▸ **WORK INSTRUCTIONS**
Every line of the material is to be returned verbatim. Pictures stay out.

▸ **SOURCE DATA**
-------------------------
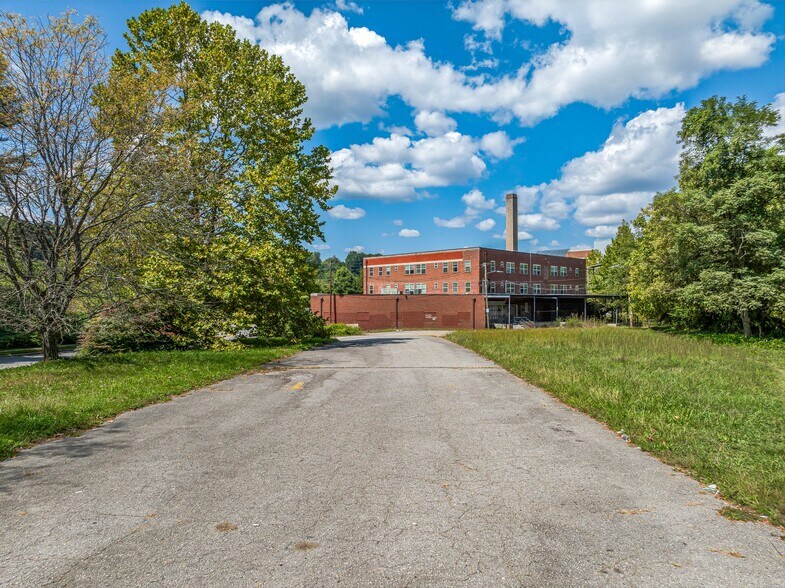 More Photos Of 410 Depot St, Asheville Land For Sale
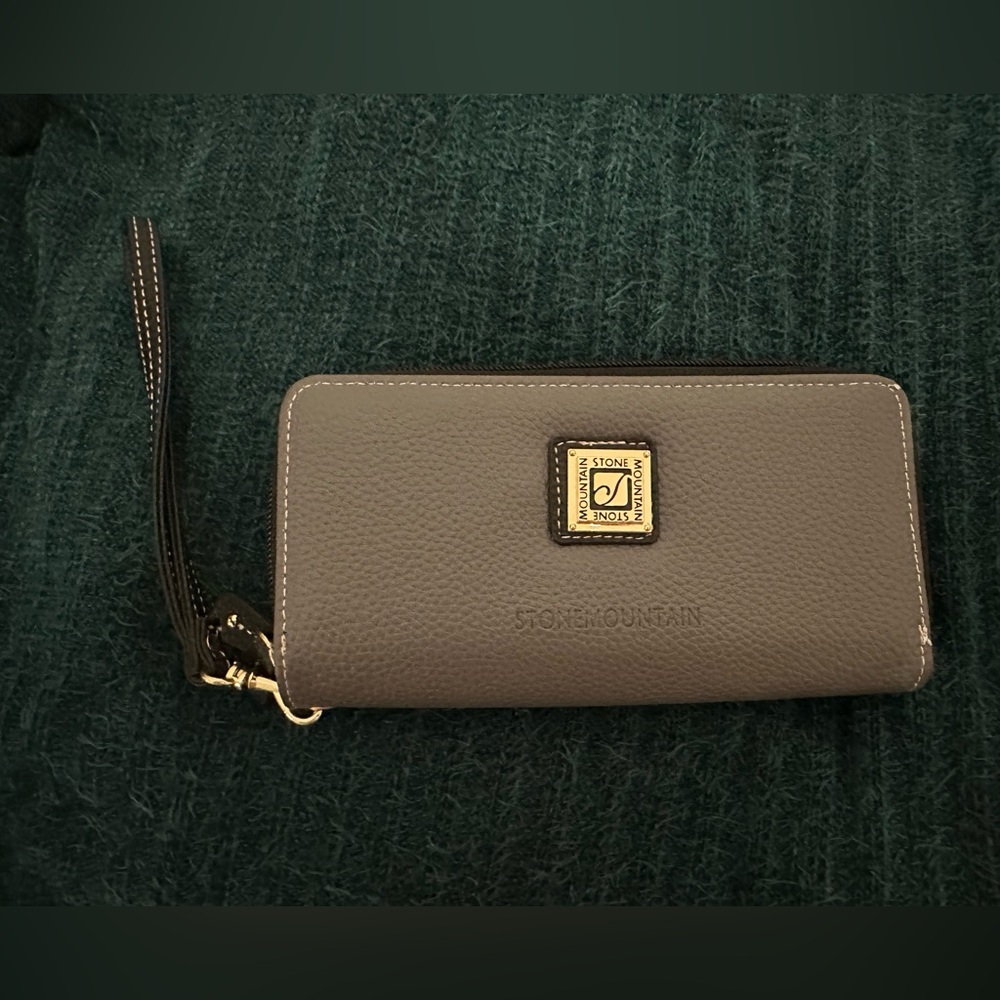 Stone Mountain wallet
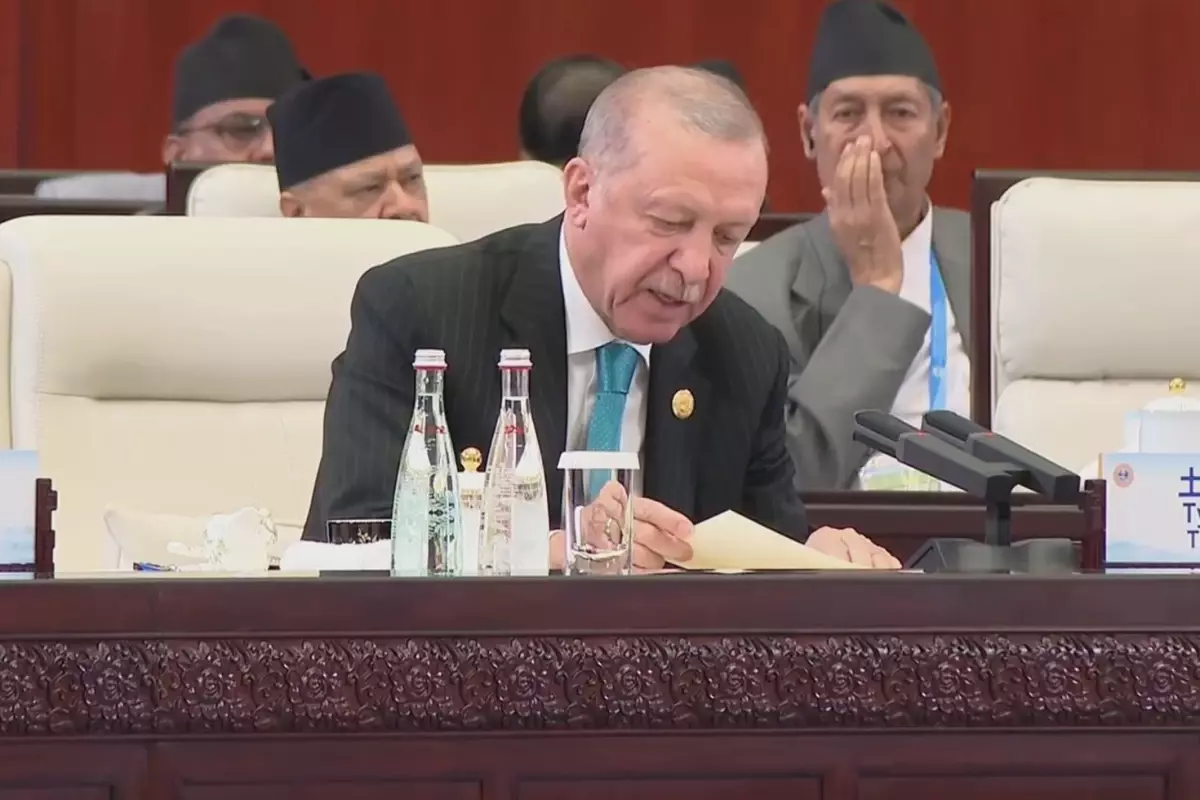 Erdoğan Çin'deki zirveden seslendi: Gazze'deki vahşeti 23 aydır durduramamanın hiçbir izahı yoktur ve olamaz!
-------------------------
▸ **ANSWER FOR THE TASK**
 More Photos Of 410 Depot St, Asheville Land For Sale
 Stone Mountain wallet
 Erdoğan Çin'deki zirveden seslendi: Gazze'deki vahşeti 23 aydır durduramamanın hiçbir izahı yoktur ve olamaz!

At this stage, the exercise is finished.